翔和学園大学部の朝は、名文の音読や歌を歌うことから始まります。
前日までの足立君は、歌の時間になると教室の後ろの方に固まって声を出せないでいる後輩たちの側にいました。後輩たちの背中を押して、教室の前に連れて行こうとしていたのです。
毎日毎日それを繰り返しても、後輩たちはなかなか前に出て行きません。そして、声も出せません。
そんな日々を繰り返していたある日、足立君自身が最前列に立ち、全力で歌い始めたのです。
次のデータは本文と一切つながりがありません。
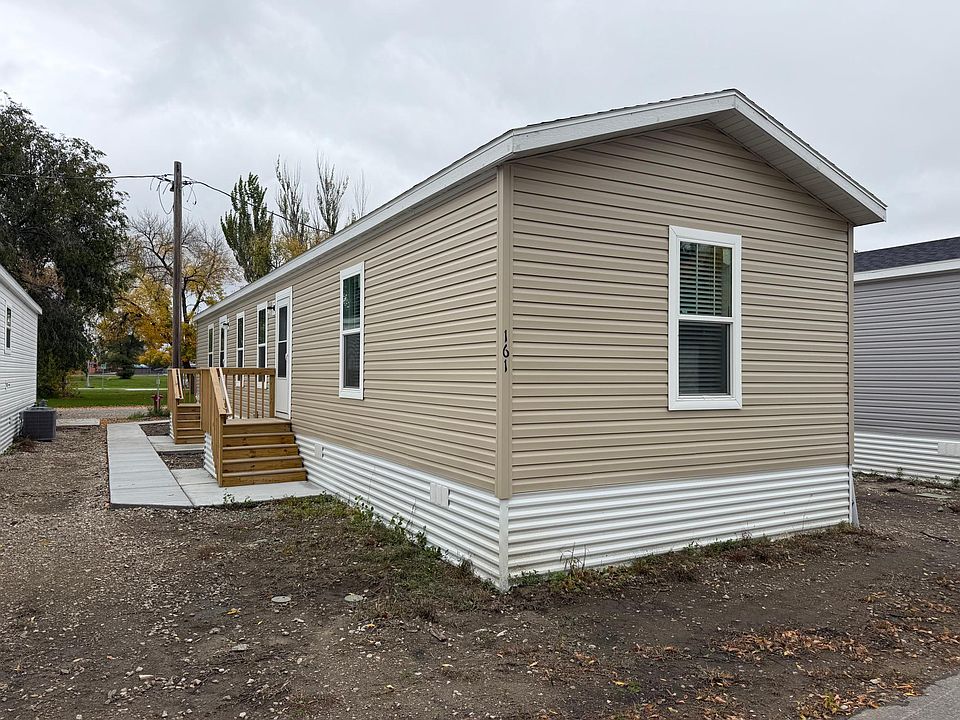 1st image of 1700 3rd Ave S #161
翔和学園大学部の学生に求めるリーダーシップは、「俺がやる!」「私がやる!」という一言に尽きます。誰かを注意したり指示を出したりすることではなく、周りを奮い立たせるほどにまずは自分が力を出すこと。それが、翔和学園大学部のリーダーシップです。
そして、そんなリーダシップを示せることこそが、「翔和学園大学部の先輩」である証です。
こんな出来事もありました。
体験入学で武術の授業に参加した大田さんが、「ちょっと具合が悪い」と言って椅子に座って見学をしていました。その隣に大学部の渋谷さんが座りました。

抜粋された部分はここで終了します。